Russell opened Engage with a high‑impact session that brought the audience directly into the conversation about what was next. Sharing an update on SCC’s direction and priorities for 2026, he explored the challenges organisations were facing and the choices that would define the year ahead. This session set the tone for the day, inviting attendees to think differently about progress, partnership, and impact, while giving a sneak peek at SCC’s new brand and how we would more clearly position ourselves to customers, partners, and our own staff.
2. SCC: Shaping the future together

In a landscape defined by constant change and increasing global complexity, James Rigby, Chairman, and Robert Vassoyan, SCC Group CEO, came together for a candid leadership conversation on the challenges shaping today’s technology and services market. Drawing on a global perspective, this session explored the economic, geopolitical and industry forces influencing customer priorities, alongside the strategic decisions organisations had to make to remain resilient and competitive. James and Robert shared how SCC was responding to these pressures, evolving its capabilities, expanding its reach, and strengthening its position as a trusted partner across sectors. This discussion offered insight into SCC’s long‑term vision and exciting investment areas, the opportunities emerging from disruption, and how the organisation was positioning itself to lead in an increasingly demanding market.
3. Sir Peter Rigby – 30 years of Philanthropy

Sir Peter provides an inspiring insight into the Rigby family’s history of giving back, highlighting the importance of long‑term funding commitments and responsible leadership in driving positive change. This session offers an uplifting overview of the work of both Rigby charities and the role each of us can play in making a difference to those who need support most.
4. Cyber Resilience in Action

As global uncertainty reshaped the threat landscape, cyber security becomes a critical business issue. Building on the strategic context set by James Rigby and Robert, this session explored how the geopolitical climate was heightening cyber risk and what organisations should have prioritised.
With budgets under pressure, visibility was key. The session examined why attack surface management was more important than ever helping organisations understand exposure, reduce risk, and focus investment where it mattered most. It also addressed supply chain risk, consolidation, and the growing need to work with trusted partners to simplify and secure complex environments.
The session concluded by looking ahead to AI – its potential to strengthen security, but also the new and evolving risks it introduced.
5. AI Solutions: Ready to scale or ready to stumble?

Most businesses were making critical decisions with incomplete information, slow processes, and teams stretched too thin to see the full picture. It was a capability gap, and it was costing more than most leaders realised.
The session challenged attendees to consider whether their business would be ready to double in size overnight- or exposed by it – highlighting that hesitation often came not from cost, but from processes and decision-making that weren’t built to scale. The session focused on how organisations like theirs were confidently deploying AI that didn’t just inform decisions but made them autonomously, accurately, and at a speed no team alone could match. It demonstrated how to do this safely, securely, and without losing control of what mattered most.
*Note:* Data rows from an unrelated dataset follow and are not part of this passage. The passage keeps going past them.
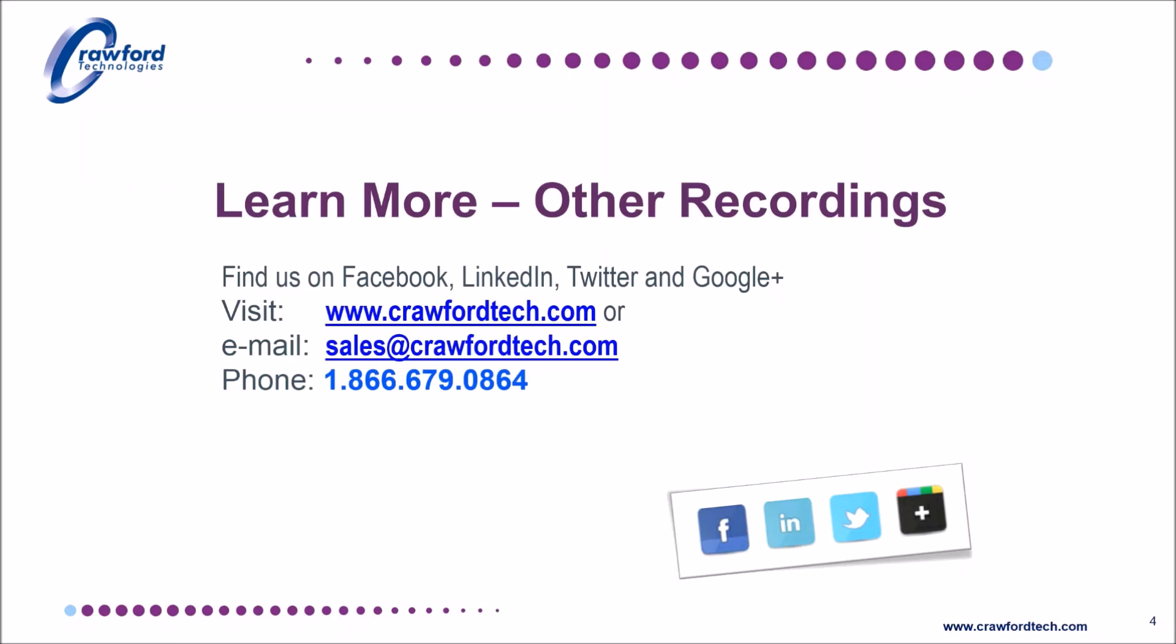As a footnote, I was using Crawford Technologies Pro Designer product during this recording. It combines advanced AFP viewing technologies with transform design and indexing capability. If you require more information or a more detailed demonstration, then please do not hesitate to contact us.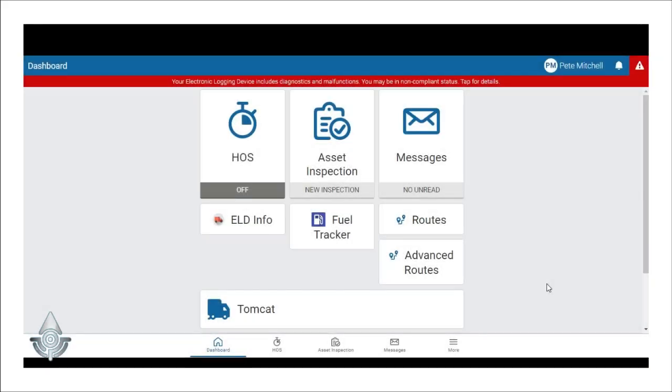Welcome! In this video, we will discuss reviewing diagnostics and malfunctions.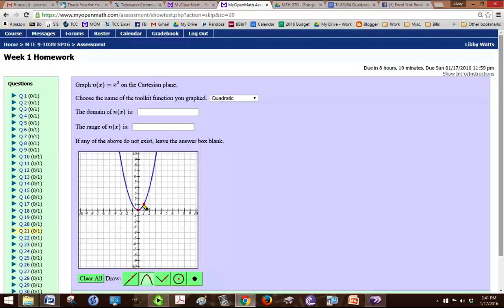So another point that's on here, you can plug in a value, like if you put 1 in, 1 squared is 1, so 1, 1 is also a point. So you click on the two points, and then you're done.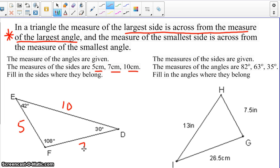Let's take a look at the next example. Go ahead and pause, take a moment, and try to fill in the angle measures where they apply.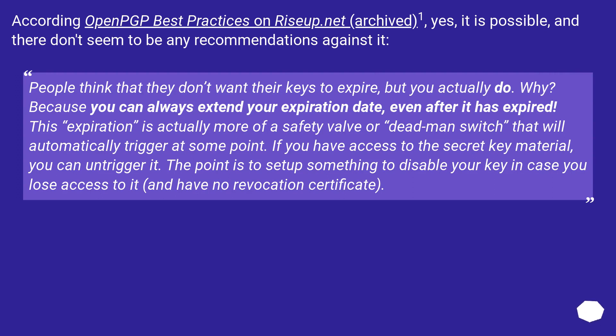People think that they don't want their keys to expire, but you actually do. Why? Because you can always extend your expiration date, even after it has expired.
Ultimately, it encouraged attendees to reflect on what had been holding them back from scaling, deciding, and acting with total confidence.
6. Customer Panel

There remains a significant gap between digital workplace ambition and the day‑to‑day reality experienced by most workforces. This session explored how the most productive organisations are taking practical, achievable steps to close that gap.
7. Digital Workplace: The intelligent workplace

This panel brought together voices from across our customers to explore the real challenges organisations were facing in 2026. Through open and honest discussion, the session focused on what was working, what was changing, and where leaders were seeing the greatest impact – from technology adoption to organisational transformation.
8. The power of partnership in AI

This session brought together an exceptional group of global technology leaders – NVIDIA, Dell, Cisco, and HPE – offering a rare opportunity to hear directly from the organisations shaping the AI ecosystem end‑to‑end.
It provided a clear and direct briefing on how AI infrastructure was being designed and deployed at scale, exploring where the market was heading, what it meant for organisations making investment decisions, and how to distinguish what was real from what remained aspirational.
A board‑level AI briefing, delivered by the people building it.